US Buffett Indicator
Current Buffett Indicator
As of January 2026 · % of GDP
- Historical average
- 86.1%
- 302 months
- Historical median
- 72.1%
- Percentile rank
- 99th percentile
- vs full history
- All-time range
- 32.2% – 228.7%
- Last updated
- January 2026
- since October 1947
Understanding this metric
What is it?
The Buffett Indicator compares the total value of the US stock market to the size of the US economy. Named after Warren Buffett — who called market value relative to GDP “probably the best single measure of where valuations stand at any given moment” — it expresses aggregate market capitalisation as a percentage of GDP.
How is it calculated?
It divides total US equity market capitalisation by gross domestic product, expressed as a percentage. We use the Federal Reserve's measure of total US corporate equity value (the Z.1 Financial Accounts 'corporate equities' series) and nominal quarterly GDP, both from FRED. A reading of 200% means the market is worth about twice annual economic output.
Historical interpretation
Higher readings indicate a more expensive market relative to the economy; lower readings a cheaper one. As with other valuation gauges, read it against its own history — the average, median and percentile rank above — rather than an absolute threshold. It has drifted structurally higher over the decades, so comparisons to mid-20th-century levels overstate how expensive today's market looks.
Limitations
The ratio sets a market value (a stock) against annual GDP (a flow) and ignores interest rates, profit margins, and the large foreign earnings of US-listed multinationals, which lift market cap relative to domestic output. Its 'normal' range moves over time, so it is a context gauge, not a precise fair-value or market-timing signal.
Frequently asked questions
What is a high Buffett Indicator reading?
There is no fixed threshold.
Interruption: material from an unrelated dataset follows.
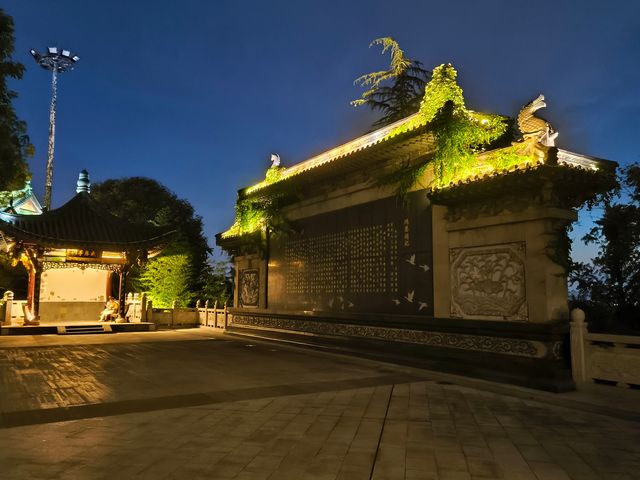 呢場大雨澆唔熄我對重慶嘅熱情！啱啱打卡完絕美夜景觀賞地鴻恩閣，即刻嚟俾你哋安利呢個寶藏景點 鴻恩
Readings well above the long-run average — and in a high percentile of the metric's own history — point to a relatively expensive market. Compare to history rather than to a single number.
Why is it called the Buffett Indicator?
Warren Buffett highlighted the ratio of total market value to GDP in a 2001 Fortune article as a strong gauge of overall valuation, and the name stuck.
How is it calculated on this page?
Total US corporate equity value (the Federal Reserve Z.1 series) is divided by nominal GDP, expressed as a percentage. Both series come from FRED and are quarterly, so the indicator updates each quarter.
Is the data real?
The site clearly labels every series as either real imported data or generated sample (mock) data. Sample data is for demonstration only and must not be used for investment decisions.